James A. Johnson
James A. Johnson, a Democrat, was the chairman of Walter Mondale’s 1984 presidential campaign and led John Kerry’s vice presidential selection process in 2004. He is a vice chairman of Perseus, L.L.C., which describes itself as “a merchant bank and private equity fund management company headquartered in Washington, D.C.” From 1991 to 1998 Johnson was the chairman and chief executive officer of Fannie Mae.
Jules Witcover interviewed Johnson on April 9, 2007.
For the 2008 elections, what do you think are the prospects for the public-finance system in the race?
Well, it’s a great question. I think you probably know all of this already, but I did the [Eugene] McCarthy, [Ed] Muskie, and [George] McGovern races before the passage of the law in ’73. And I can still remember when people had a lot of cash that they carried around. And we moved from rally to rally with buckets, where you would take money from everybody as you went. And that would fund your next stop, or your next round of commercials, or whatever.
Most people are not trying to prove they are old. But I have been with this for a long time, so I have seen a lot of different versions of it. I was the chair, as you recall, in 1983-84 for [Walter] Mondale. We spent about $200 million total from beginning to end on that effort, including all of the DNC money and other money, but of course took public funds and were very happy to have the matching funds as we went through the primary process. I have watched, through the Clinton period, and obviously now had the great privilege of contributing to four of the people for their March 31 reports, and with the new $2,300 limit.
So I have seen kind of all sides of it. And how do people survive? At this stage, it seems to me it would be a towering question. I just got off the phone with somebody who is a Biden supporter. And apparently he has raised even less than has been in the public eye and is going to have a lot of trouble sustaining even a basic operation.

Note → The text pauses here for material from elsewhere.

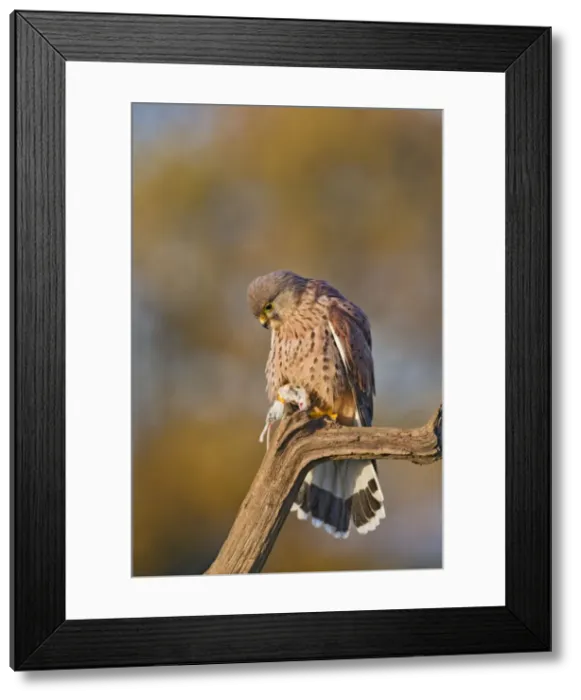 Framed Print : Kestrel - male with prey in Autumn - controlled conditions 11693 Framed Print : Kestrel - male with prey in Autumn - controlled conditions 11693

On the other hand, having played so many positions in so many different races over the years, there are times when money is defining and there are times when money isn’t defining. And if you look at the situation I know the best, the ’83-’84 dynamic, when [John] Glenn was eliminated in ’83 — and you know so much about it this you may disagree with part of my premise here — the fact that we were better organized, better staffed, better funded, got an earlier start, and were able to put resources on the ground in all of those straw-ballot contests, and endorsement contests, and so on, I believe did play a role in Mondale defeating Glenn. So that’s certainly one on the positive side of money matters, and money trumps other assets.
I would contend, and I am sure Gary Hart if he were sitting here wouldn’t agree, but the entire time we were losing to Gary Hart, which I think you would have to say started sometime in late ’83, going through the middle of March ’84, we were outspending Gary Hart substantially. The entire time Gary Hart was losing to us, he was outspending us substantially. In fact, we had one commercial out in New York when we had virtually no money to spend in Illinois. When we were taking the race back from Hart after his surprising performance in New Hampshire, we were doing it on old-fashioned sentiment, and organization, and traditional politics, and debates, and all of those other dimensions where Mondale proved to be a better candidate than people had expected, when he was under duress.

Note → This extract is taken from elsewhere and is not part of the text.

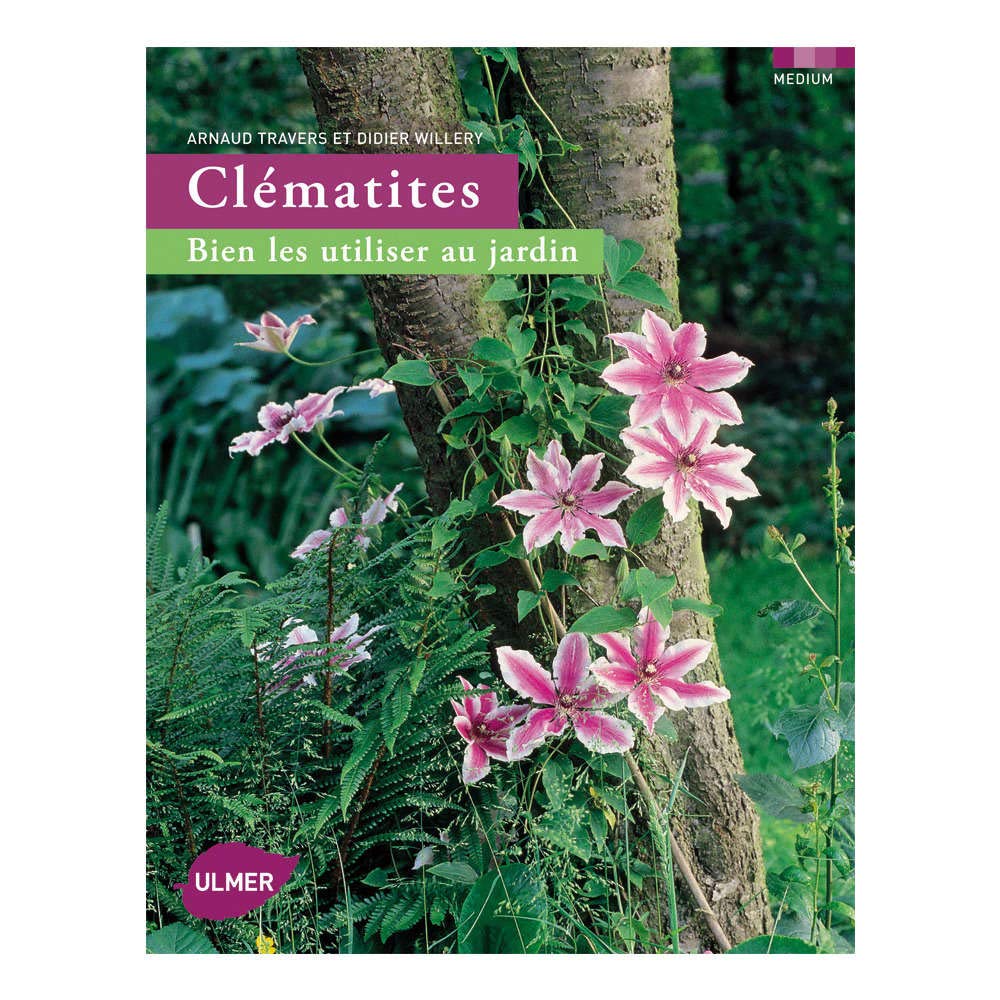 Clématites 9782841384501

Last time, I don’t think there is anything about money that caused Howard Dean to collapse. His ranting, obviously, was after he had collapsed, not before he collapsed. I don’t think there was anything about Dick Gephardt’s financial situation that caused him not to be an attractive nominee. Likewise, I don’t think there is anything in particular about John Edwards’s or John Kerry’s Iowa campaign that represented the triumph of money.
So I think there are situations in which it can be a proxy for support. It can be a proxy for enthusiasm. There are times when muscle matters. There are times when you can simply outgun somebody, in a limited dynamic. And there certainly are people over the years who have said they had to withdraw because they couldn’t afford to compete. Now I don’t know what the balance is of those people withdrawing because they couldn’t get financial support and withdrawing because they couldn’t get support. There is an interaction there between the sort of expressions of support.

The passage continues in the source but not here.